Mr. McDonnell said a strong economy contributed to the improvement, but he also would like to think parole abolition had an effect. He was a member of the commission that drafted the parole abolition and “truth-in-sentencing” legislation.

“It’s worked well because it was based on a fairly simple premise: Most serious crimes are committed by people between the ages of 18 and 32. If you make the penalties so harsh for a first offense for violent crime that they get taken out of circulation, by the time they get out they are older and less likely to commit a new crime,” Mr. McDonnell said.

Under the old discretionary parole system, many inmates served as little as one-fourth of their sentences. They now are required to serve at least 85 percent, and the average is about 91 percent, according to the DCJS report.

Before 1995, first-degree murderers served an average of 12.4 years if they had no previous violent offense and 14.7 years if they did have a record. Those averages have increased to 32.2 years and 46 years, respectively, the Virginia Criminal Sentencing Commission said.

Similar increases have occurred for other violent crimes.

“In fact, a large number of violent offenders are serving two, three or four times longer under truth-in-sentencing than criminals who committed similar offenses did under the parole system,” the report said.

Republican George Allen made parole abolition the centerpiece of his campaign for governor in 1993.

The idea resonated with voters, who elected Mr. Allen in a landslide over Democrat Mary Sue Terry.

“I was just the conduit for the millions of Virginians who could not tolerate, could not countenance what I called ‘this lenient, dishonest system,’” Mr. Allen said at a press conference in October on the 10th anniversary of his signing the legislation, which took effect Jan. 1, 1995.

However, the sentencing reform still has its critics.

“We are making some very unwise investments in keeping some people in prison for the maximum,” said Delegate Vivian E. Watts, Fairfax Democrat who was the state secretary of public safety in the late 1980s. “There’s no discretion for looking into individual cases.”

Jean Auldridge, director of the Virginia chapter of Citizens United for Rehabilitation of Errants, said some prisoners are being held long after they are no longer a danger to society.

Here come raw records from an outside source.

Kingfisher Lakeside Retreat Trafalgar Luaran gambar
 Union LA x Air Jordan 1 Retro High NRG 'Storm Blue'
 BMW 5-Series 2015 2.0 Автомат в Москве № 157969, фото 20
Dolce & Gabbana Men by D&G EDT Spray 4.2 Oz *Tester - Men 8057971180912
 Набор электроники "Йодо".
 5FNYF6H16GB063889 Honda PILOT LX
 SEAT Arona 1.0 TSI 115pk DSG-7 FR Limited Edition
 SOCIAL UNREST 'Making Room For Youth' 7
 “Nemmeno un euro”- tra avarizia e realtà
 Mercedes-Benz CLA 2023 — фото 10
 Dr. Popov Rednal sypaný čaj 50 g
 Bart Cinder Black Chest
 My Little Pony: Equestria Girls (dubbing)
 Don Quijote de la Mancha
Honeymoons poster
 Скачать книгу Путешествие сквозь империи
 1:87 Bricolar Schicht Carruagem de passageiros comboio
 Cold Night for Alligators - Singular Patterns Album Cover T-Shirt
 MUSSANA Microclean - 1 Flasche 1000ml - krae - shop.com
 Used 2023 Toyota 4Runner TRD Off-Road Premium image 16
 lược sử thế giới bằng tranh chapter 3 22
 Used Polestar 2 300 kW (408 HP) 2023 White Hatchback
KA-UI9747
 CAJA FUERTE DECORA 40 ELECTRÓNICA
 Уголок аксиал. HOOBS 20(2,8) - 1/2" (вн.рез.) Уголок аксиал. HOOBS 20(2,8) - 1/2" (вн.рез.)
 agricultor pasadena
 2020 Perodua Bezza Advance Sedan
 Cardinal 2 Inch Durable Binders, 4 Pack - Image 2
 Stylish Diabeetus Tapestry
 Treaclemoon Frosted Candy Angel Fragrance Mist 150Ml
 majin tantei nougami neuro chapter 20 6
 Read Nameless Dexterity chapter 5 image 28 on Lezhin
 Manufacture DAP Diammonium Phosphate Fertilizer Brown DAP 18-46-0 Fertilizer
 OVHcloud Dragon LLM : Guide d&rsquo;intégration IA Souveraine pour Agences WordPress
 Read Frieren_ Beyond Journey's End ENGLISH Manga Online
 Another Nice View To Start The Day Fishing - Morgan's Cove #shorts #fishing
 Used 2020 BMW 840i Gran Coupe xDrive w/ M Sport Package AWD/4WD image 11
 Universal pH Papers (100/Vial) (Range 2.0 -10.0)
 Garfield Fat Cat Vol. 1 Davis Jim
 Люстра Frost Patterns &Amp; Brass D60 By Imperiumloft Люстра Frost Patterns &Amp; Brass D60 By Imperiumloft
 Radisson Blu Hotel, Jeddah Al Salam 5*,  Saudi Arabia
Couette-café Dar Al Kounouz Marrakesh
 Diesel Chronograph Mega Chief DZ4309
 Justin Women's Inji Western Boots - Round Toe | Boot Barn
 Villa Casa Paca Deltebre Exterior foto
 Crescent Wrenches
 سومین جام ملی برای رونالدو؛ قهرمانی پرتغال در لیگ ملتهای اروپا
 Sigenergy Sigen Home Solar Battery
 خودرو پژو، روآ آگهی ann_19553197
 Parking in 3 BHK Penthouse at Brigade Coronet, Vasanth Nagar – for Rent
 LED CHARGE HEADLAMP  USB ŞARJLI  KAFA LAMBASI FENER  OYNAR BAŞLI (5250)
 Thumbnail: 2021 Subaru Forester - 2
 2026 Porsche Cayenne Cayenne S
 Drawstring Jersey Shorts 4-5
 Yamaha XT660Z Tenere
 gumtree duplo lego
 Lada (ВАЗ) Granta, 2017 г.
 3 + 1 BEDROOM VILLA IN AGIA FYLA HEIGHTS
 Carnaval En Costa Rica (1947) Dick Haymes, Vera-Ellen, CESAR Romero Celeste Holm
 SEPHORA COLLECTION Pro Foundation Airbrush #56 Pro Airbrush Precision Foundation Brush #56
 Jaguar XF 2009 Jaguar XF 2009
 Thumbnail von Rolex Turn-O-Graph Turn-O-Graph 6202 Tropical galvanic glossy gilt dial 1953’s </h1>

“They feel hopeless,” she said. “Many of them have done everything they can do to be rehabilitated and are prepared to come out. They have families waiting for them, and they’re not letting them out.”

Mark Earley, a former state senator and attorney general who helped pass the no-parole legislation, now thinks it should be amended to give a break to inmates who truly have reformed.

Mr. Earley, who lost the 2001 gubernatorial election to Democrat Mark Warner, is president of Prison Fellowship Ministries, the nation’s largest religious outreach to inmates.

“I don’t think there’s any question we did the right thing at the time,” Mr. Earley said. “We were finding an awful lot of violent crime caused by repeat offenders, and I thought it was imperative that this be changed. I would support the bill again.”

Mr. Earley said, however, that he and his colleagues failed to consider an important question: “After a significant period of the sentence is served, should we provide some opportunity for look-back?”

He suggested that an inmate who committed a violent crime as an impulsive youth but is now past the violence-prone years might be fit for release, provided he has made productive use of his time in prison.

Mr. McDonnell said the sort of “look-back provision” that Mr. Earley now favors probably would find little support in the General Assembly.

“There would be a concern that it would be undermining the abolition of parole,” Mr. McDonnell said.